Год назад вы говорили о романе "Метро 2035", который вышел на днях: "Собираюсь исследовать тему рабства, тему подчинения и покорности, тему мракобесия и лжи, тему хозяев и слуг. Превращает ли власть народ в быдло или тот сам рад быть стадом, потому что так ему быть проще и уютнее?" Каковы результаты этого художественного исследования?
— Знаете, с тех пор эта тема из скорее теоретической стала скорее прикладной. И, взяв абстрактную тему рабства за отправную точку, я оказался довольно далеко — в изучении состояния умов в современной России.

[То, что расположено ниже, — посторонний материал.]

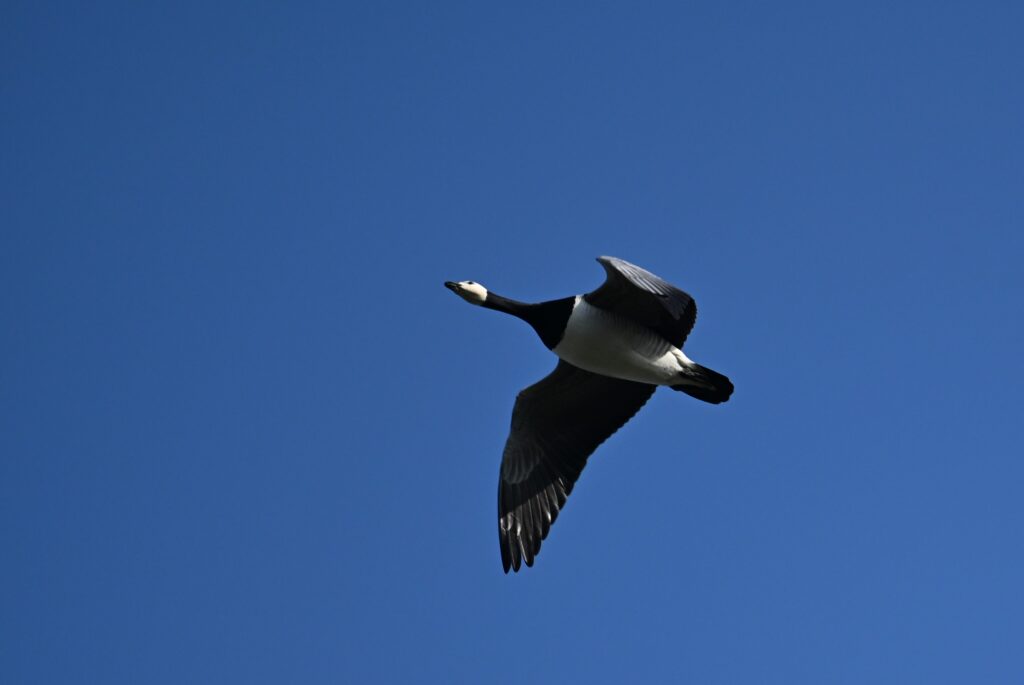 11 Kees - Brandgans in vlucht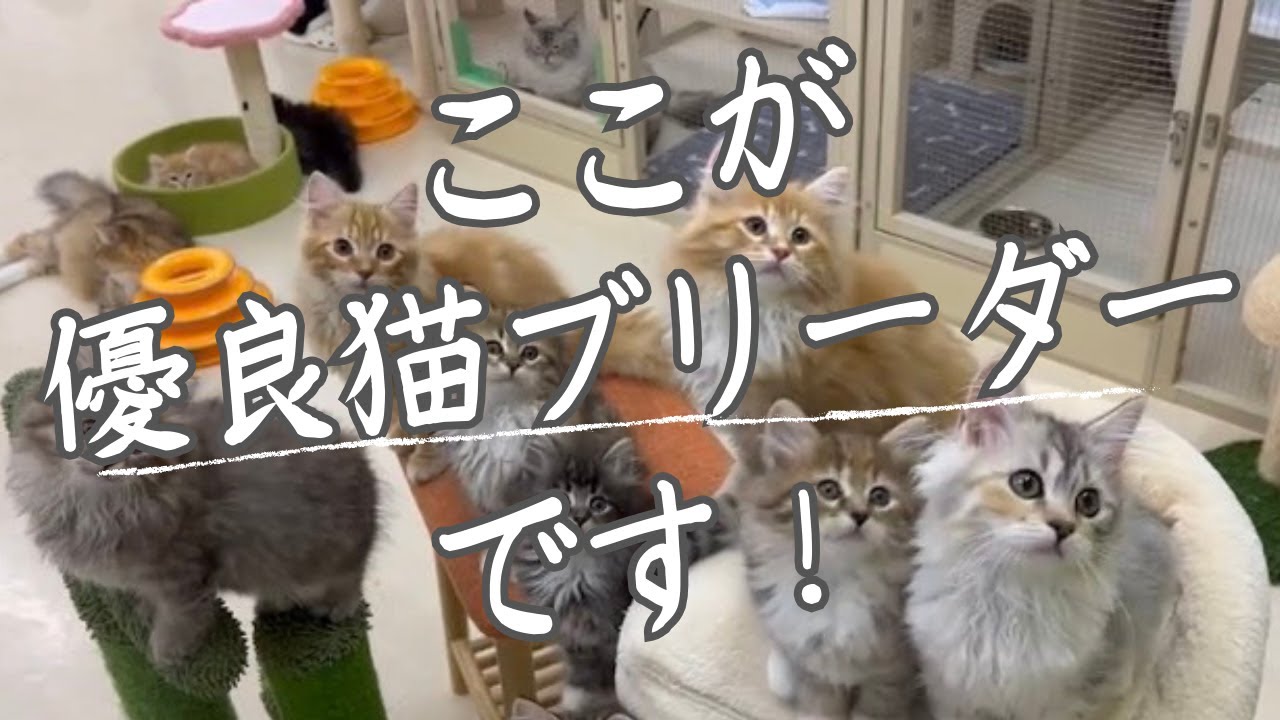 サイベリアン・メインクーンの素敵なキャットブリーダーはここだ!ペットの実家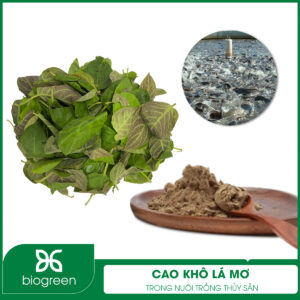 Cao khô lá mơ trong nuôi trồng thủy sản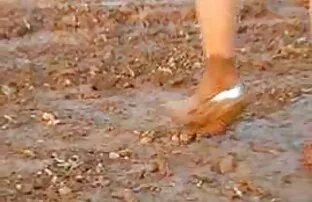 XXX یک خانم قرمز رنگ در لباس حمام ، دیک دانلود عکسهای سکسی الکسیس تگزاس دوست را درون حیاط مکیده و آن را به او هدیه می کند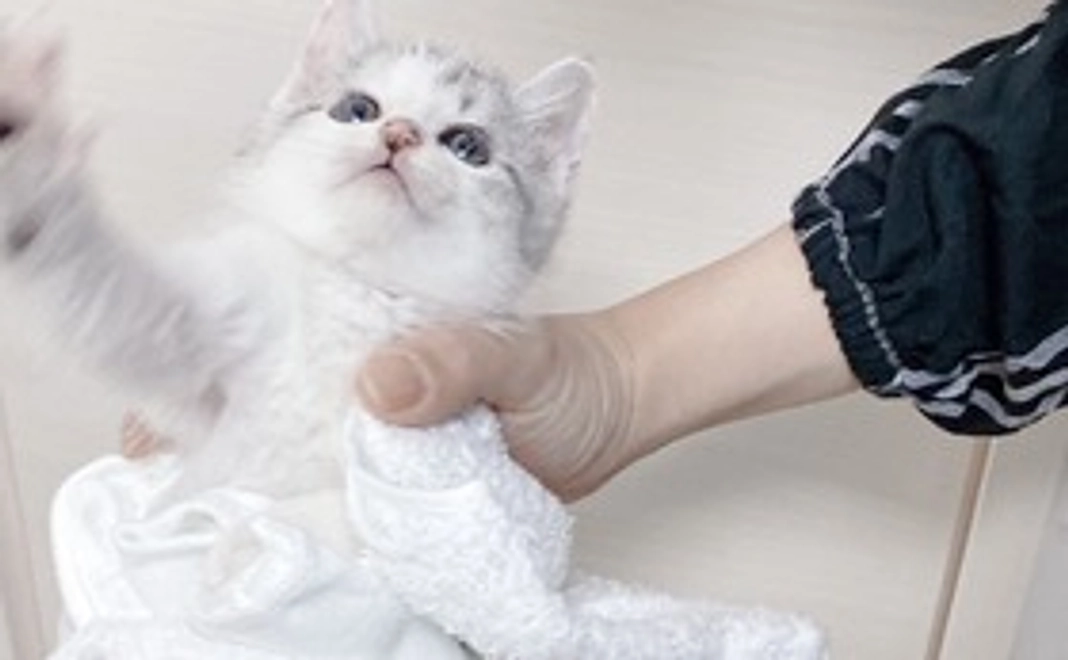 頑張れ はる!(2)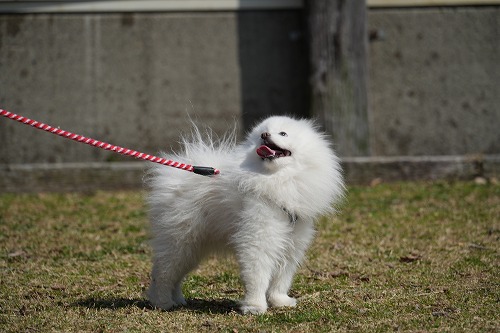 変な天気♪
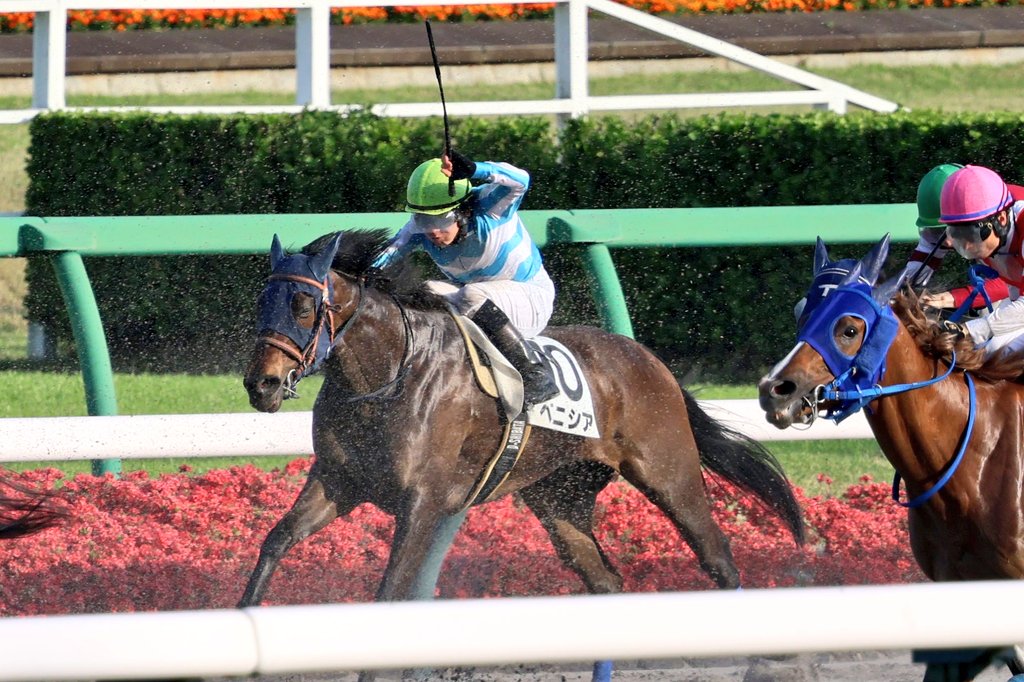 イッシー tweet media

Вместе с интеллигенцией я оказался озадачен явлением 86%, которые, как нам твердят вциомы, готовы отказаться не только от своих свобод, но и от всяких прав, лишь бы Россия вновь была мировой империей. То, с какой готовностью люди затягивают пояса, как они готовы в любую придумку телегуру верить, как они пускают слюни на ядерные ракеты, катящиеся по Красной площади, и как мечтают долбануть ими по империалистической гидре, буде та посмеет оспорить святость наших притязаний на Крым…
Почему мы не хотим, отчего за 20 лет не научились жить своей жизнью, для себя, сами решать свою судьбу, почему скучали по врагам, по войнам, как так выходит, что нас другие смыслы существования, кроме битвы до последнего, не устраивают…

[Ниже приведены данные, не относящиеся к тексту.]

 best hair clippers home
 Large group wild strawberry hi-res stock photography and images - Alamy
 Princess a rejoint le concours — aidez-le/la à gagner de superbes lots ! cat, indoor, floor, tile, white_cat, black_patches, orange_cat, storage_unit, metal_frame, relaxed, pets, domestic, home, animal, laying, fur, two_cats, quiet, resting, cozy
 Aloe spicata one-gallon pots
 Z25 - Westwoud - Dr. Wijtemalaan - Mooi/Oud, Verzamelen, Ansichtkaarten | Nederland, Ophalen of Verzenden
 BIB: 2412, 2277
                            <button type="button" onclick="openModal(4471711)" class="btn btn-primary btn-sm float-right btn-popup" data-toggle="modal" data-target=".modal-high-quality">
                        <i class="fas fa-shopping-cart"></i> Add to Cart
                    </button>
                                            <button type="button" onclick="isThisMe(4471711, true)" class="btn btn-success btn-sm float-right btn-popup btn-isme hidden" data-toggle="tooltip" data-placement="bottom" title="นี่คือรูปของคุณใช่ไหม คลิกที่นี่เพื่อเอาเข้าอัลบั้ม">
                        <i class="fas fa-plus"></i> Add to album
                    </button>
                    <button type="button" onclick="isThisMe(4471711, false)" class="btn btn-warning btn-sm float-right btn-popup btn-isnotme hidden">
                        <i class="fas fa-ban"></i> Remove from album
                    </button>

Я, помню, раньше все власть винил в наших бедах. А тут задумался вдруг: ну а что все власть да власть? Путинский ее призыв, между прочим, из простых людей укомплектован, среднестатистическая выборка ленинградская.

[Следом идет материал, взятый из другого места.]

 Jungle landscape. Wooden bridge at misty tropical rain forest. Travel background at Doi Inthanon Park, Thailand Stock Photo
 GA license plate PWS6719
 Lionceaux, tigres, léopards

Может, это не к власти вопросы, а к нам самим? Что мы, как ни выйдем из Египта, все норовим кругами идти и тихой сапой — обратно, домой?
Постапокалиптические сценарии в ваших романах — это больше свидетельство того, что происходит здесь и сейчас, пророчество или провокация?
— Какой из меня пророк? И в мессии я не мечу. Никогда не ставил себе задачи призвать человечество одуматься — оно же глухое все равно, только глотку зря драть. Я и вообще убежден, что все мессии — жулики. Нет, если у меня и есть цель, то чуть более скромная — разобраться в устройстве жизни и мира и своими открытиями поделиться с желающими. И я не даю готовых ответов на все вопросы, для этого есть всезнающие ведущие федеральных каналов. Я больше по части формулировки вопросов. Я призываю читателя не верить штампованным телеистинам. Насильно прав не будешь. И вообще, утопающие должны спасать себя сами. Надо только объяснить им, что они в болоте.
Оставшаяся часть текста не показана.